→ **The data**:

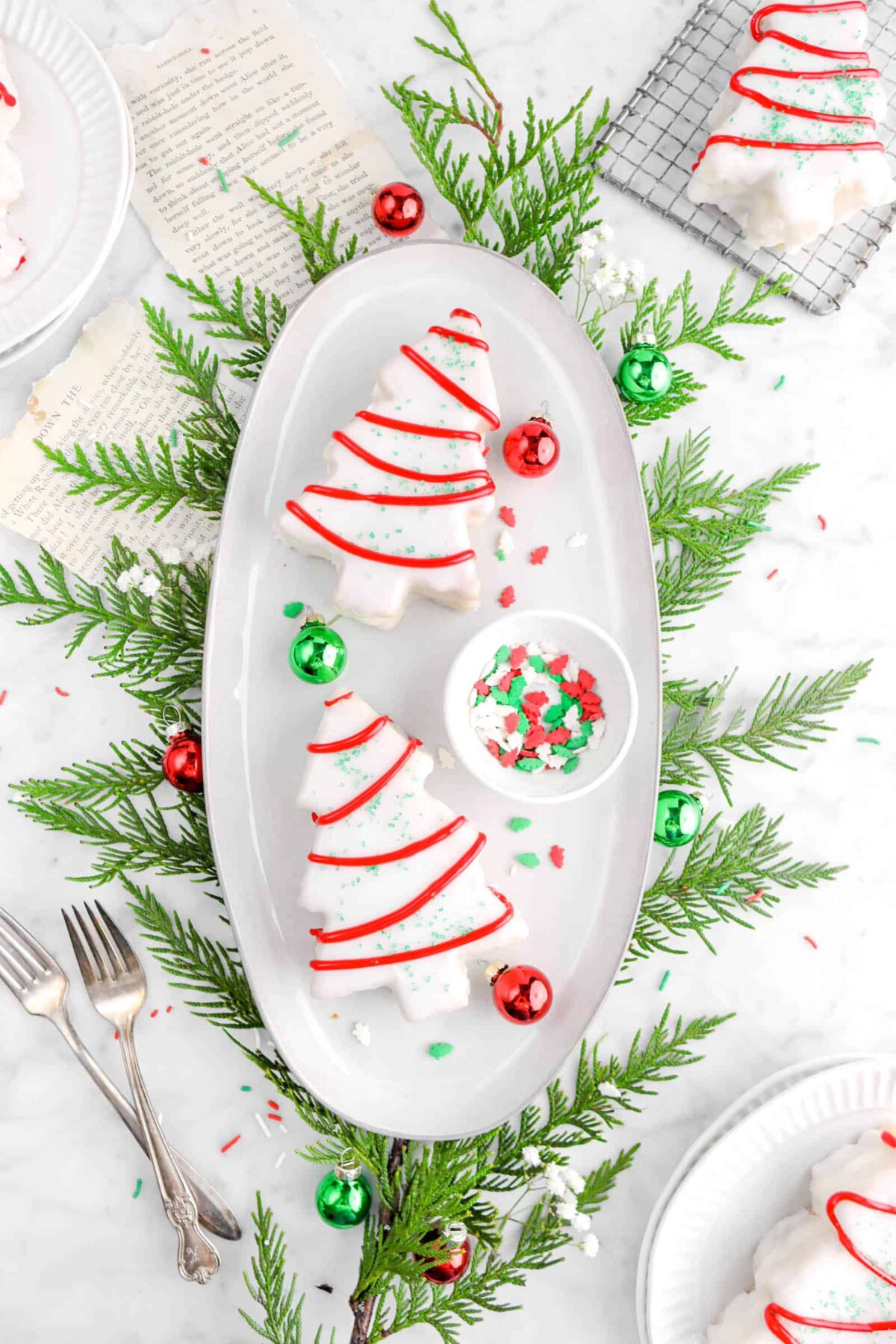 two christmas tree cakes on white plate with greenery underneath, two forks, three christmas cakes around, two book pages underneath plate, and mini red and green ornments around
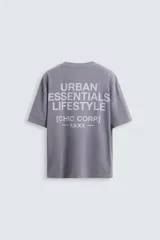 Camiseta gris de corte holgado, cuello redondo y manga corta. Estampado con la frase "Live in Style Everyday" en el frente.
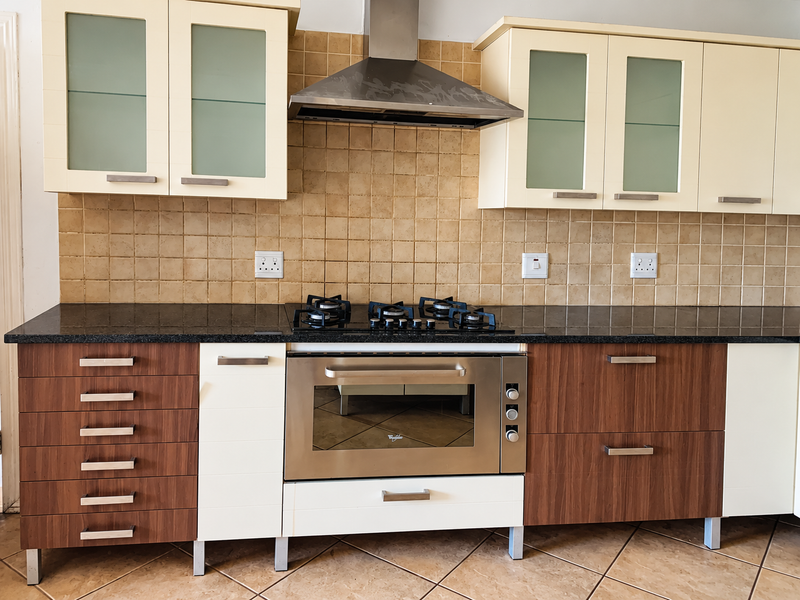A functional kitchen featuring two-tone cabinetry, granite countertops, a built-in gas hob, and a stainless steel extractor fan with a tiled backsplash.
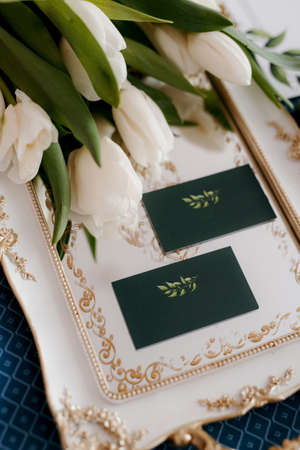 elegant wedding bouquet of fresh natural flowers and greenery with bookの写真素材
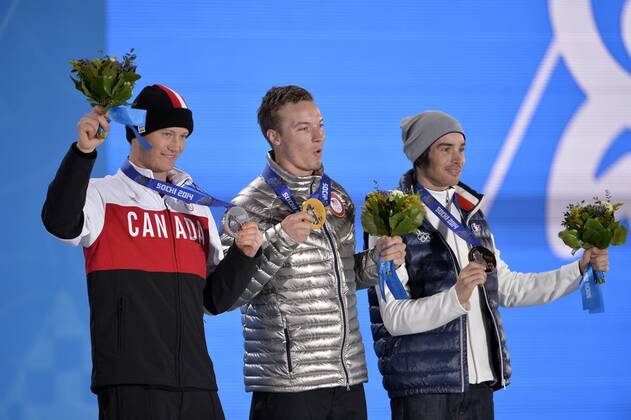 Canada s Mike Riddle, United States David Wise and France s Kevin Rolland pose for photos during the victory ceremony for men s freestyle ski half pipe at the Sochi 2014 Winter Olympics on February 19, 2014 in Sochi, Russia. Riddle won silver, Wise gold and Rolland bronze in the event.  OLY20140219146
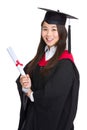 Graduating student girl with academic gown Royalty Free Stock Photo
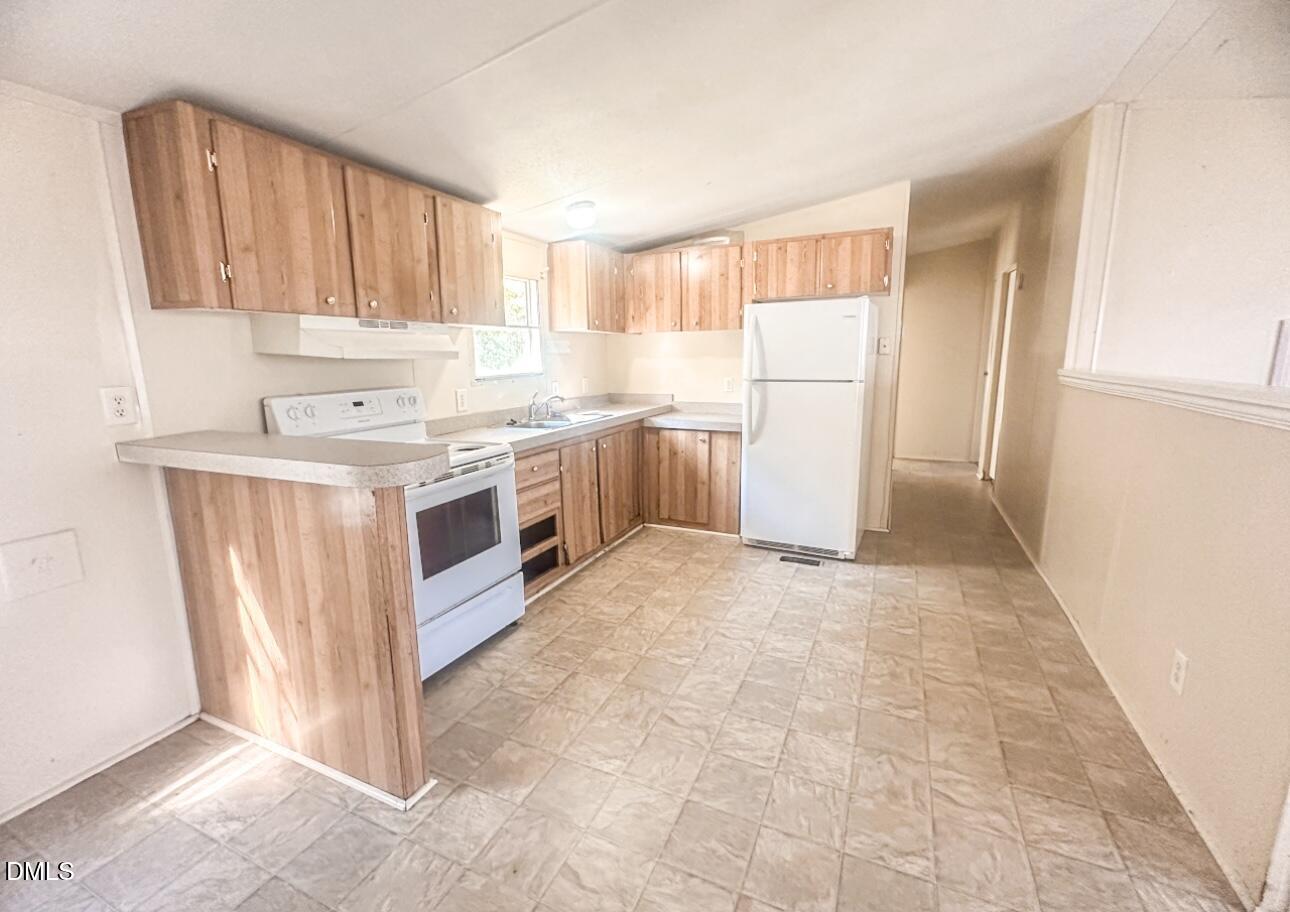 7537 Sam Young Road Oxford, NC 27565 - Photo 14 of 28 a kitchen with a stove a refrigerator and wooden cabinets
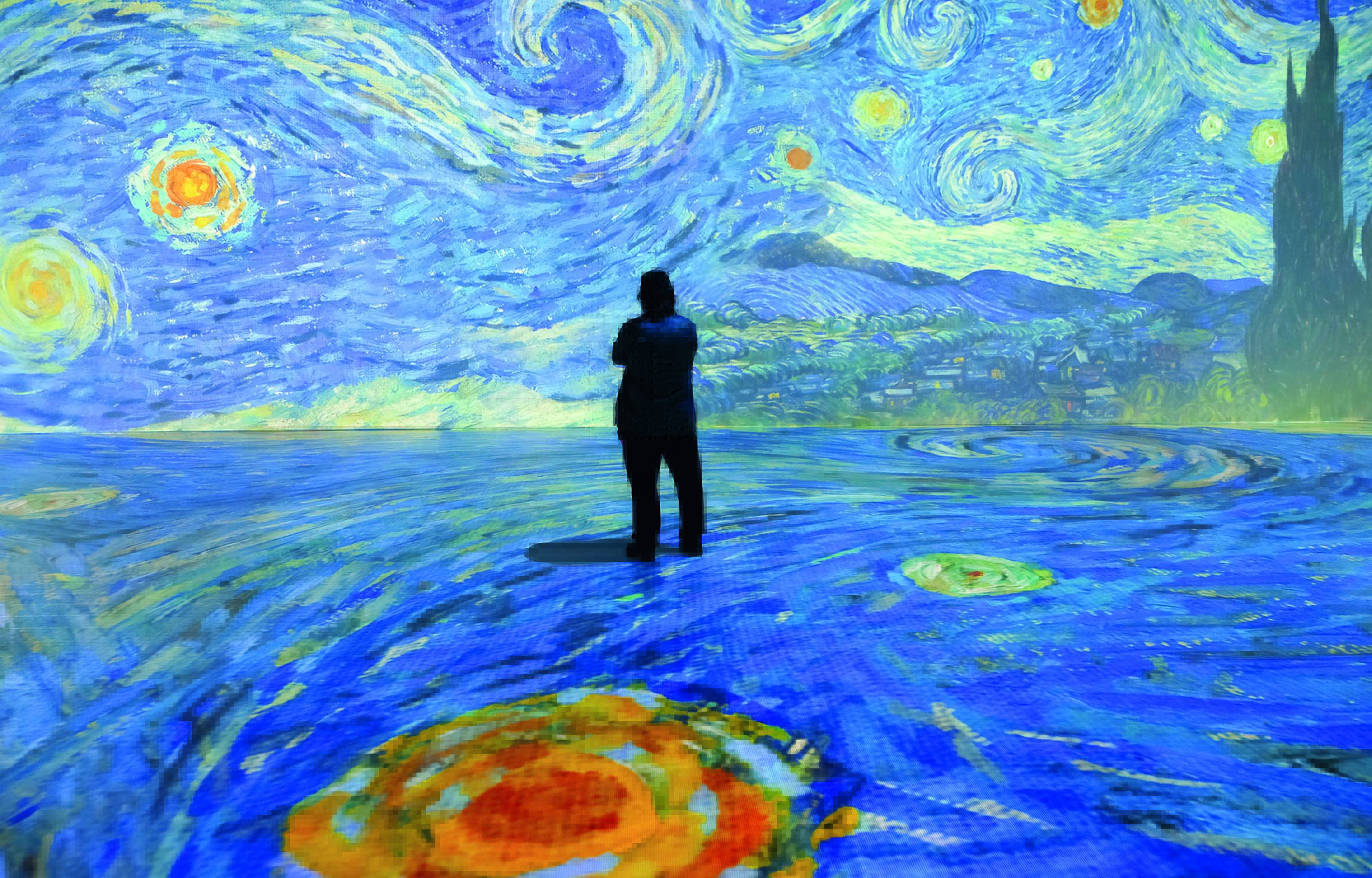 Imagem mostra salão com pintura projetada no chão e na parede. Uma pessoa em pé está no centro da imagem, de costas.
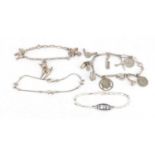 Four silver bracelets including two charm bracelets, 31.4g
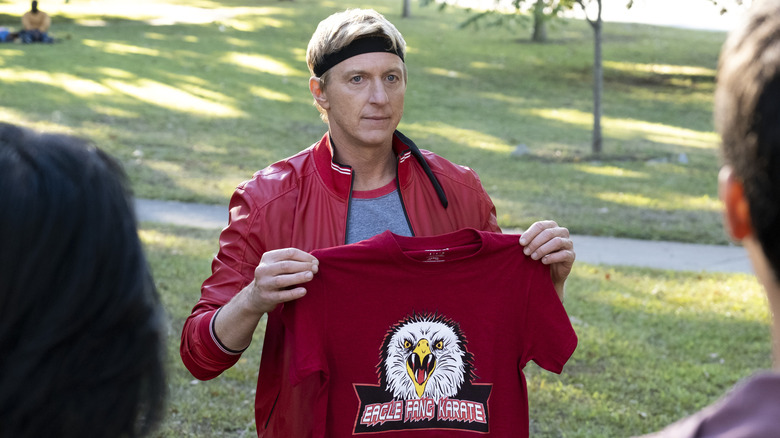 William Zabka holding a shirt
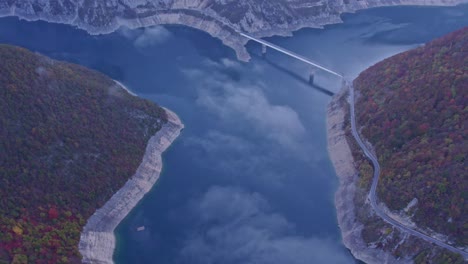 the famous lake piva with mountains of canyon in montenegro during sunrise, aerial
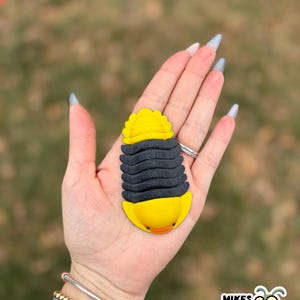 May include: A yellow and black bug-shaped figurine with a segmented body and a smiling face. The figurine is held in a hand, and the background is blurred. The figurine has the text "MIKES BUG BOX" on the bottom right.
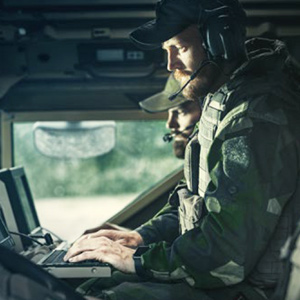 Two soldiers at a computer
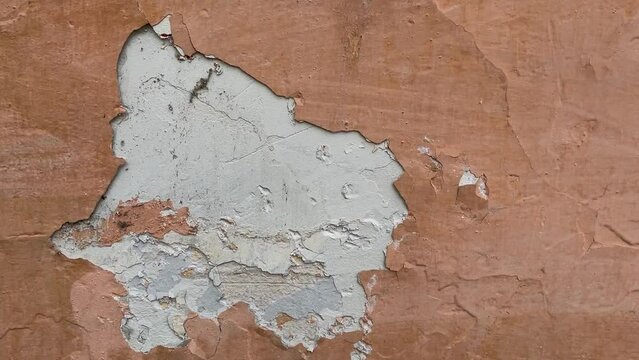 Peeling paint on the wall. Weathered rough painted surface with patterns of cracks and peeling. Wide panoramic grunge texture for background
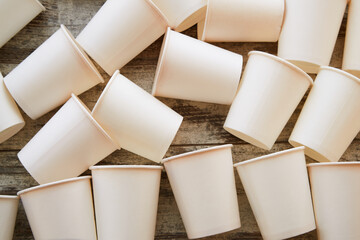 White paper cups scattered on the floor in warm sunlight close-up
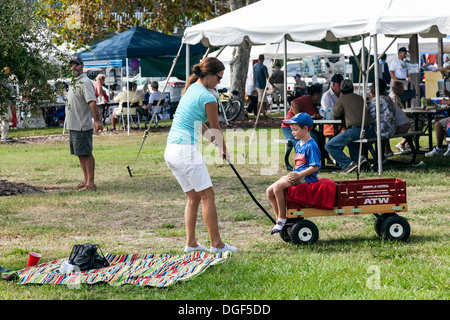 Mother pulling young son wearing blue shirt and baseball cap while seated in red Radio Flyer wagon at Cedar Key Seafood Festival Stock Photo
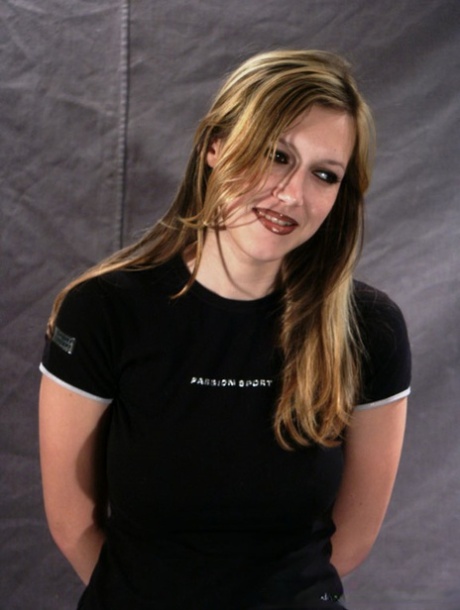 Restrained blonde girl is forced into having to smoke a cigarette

→ **Exercise**:
In the data above, the stretch from the line with "A functional kitchen" through the line with "Canada s Mike" is to be returned exactly, minus any pictures.

→ **Result of the exercise**:
A functional kitchen featuring two-tone cabinetry, granite countertops, a built-in gas hob, and a stainless steel extractor fan with a tiled backsplash.
 elegant wedding bouquet of fresh natural flowers and greenery with bookの写真素材
 Canada s Mike Riddle, United States David Wise and France s Kevin Rolland pose for photos during the victory ceremony for men s freestyle ski half pipe at the Sochi 2014 Winter Olympics on February 19, 2014 in Sochi, Russia. Riddle won silver, Wise gold and Rolland bronze in the event.  OLY20140219146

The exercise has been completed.